South Africa’s Response to COVID-19: Economically, Between Rock and a Hard Place
What makes responding to COVID-19 so difficult is that the “correct” response from a medical, clinical perspective and the “correct” response from an economic perspective require different, even opposite, approaches.
From a clinical perspective, we need to do everything that we can to stop transmission of the virus. In practice, this means confining people to their homes and putting the country under lockdown. Effectively, this means shutting down economic activity outside of essential services. From an economic perspective, and from a South African economic perspective, we want to ensure that economic activity keeps ticking over and even growing at a time when the economy is already on its knees.

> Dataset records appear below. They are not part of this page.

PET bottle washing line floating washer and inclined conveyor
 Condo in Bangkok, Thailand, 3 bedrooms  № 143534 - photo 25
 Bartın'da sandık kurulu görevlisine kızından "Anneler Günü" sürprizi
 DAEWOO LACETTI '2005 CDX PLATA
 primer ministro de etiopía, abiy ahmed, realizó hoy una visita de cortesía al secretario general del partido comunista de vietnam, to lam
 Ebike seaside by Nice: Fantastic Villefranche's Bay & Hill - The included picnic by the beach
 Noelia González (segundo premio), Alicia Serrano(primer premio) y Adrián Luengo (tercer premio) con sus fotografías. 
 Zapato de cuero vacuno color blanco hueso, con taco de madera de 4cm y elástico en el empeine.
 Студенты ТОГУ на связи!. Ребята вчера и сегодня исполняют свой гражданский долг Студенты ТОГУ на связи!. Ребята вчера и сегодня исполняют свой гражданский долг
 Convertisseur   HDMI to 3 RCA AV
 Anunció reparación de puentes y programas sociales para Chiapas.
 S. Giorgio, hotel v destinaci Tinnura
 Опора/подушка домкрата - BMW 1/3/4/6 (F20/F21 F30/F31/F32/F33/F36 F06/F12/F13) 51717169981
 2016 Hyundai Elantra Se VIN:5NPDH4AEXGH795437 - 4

The President and his Cabinet announced a national lockdown which is in place from 27 March until 16 April - 21 days. On 9 April, the lockdown was extended by a further 14 days until 30 April. This 5-week hiatus will have devastating consequences for the economy and, for small businesses, which simply don’t have the capital to see them through the break in activity. Small businesses are also important drivers of employment in an economy with employment (narrowly defined) approaching 30% and, including discouraged workers, in the region of 40%.
The impact of this lockdown on the South African economy (and the global economy) will be significant and lasting. It’s a long road back, and there’s no clarity on what the future holds.
Despite the economic consequences, the question remains: is this enough? Should the lockdown be extended? Does South Africa’s healthcare system have the capacity to meet the surge in demand of the pandemic?